-------- RAW DATA --------

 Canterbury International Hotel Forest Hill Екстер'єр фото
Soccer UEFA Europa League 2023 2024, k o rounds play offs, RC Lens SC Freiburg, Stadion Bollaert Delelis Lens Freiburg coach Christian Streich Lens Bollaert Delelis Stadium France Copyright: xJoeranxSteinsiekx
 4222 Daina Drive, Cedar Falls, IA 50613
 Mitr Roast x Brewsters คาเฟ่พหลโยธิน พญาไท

--------
-------- RAW DATA --------

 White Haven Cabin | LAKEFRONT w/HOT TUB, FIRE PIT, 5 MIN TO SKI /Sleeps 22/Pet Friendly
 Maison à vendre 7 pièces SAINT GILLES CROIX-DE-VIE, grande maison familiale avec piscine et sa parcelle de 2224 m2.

--------
-------- RAW DATA --------

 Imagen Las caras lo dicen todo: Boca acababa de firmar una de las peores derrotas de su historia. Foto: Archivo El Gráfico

--------

• TASK OBJECTIVE: The output should be exactly the lines above from the line containing "Soccer UEFA Europa" to the line containing "Mitr Roast x Brewsters คาเฟ่พหลโยธิน พญาไท", inclusive, with no other lines.

• RESPONSE TO THE EXERCISE:
Soccer UEFA Europa League 2023 2024, k o rounds play offs, RC Lens SC Freiburg, Stadion Bollaert Delelis Lens Freiburg coach Christian Streich Lens Bollaert Delelis Stadium France Copyright: xJoeranxSteinsiekx
 4222 Daina Drive, Cedar Falls, IA 50613
 Mitr Roast x Brewsters คาเฟ่พหลโยธิน พญาไท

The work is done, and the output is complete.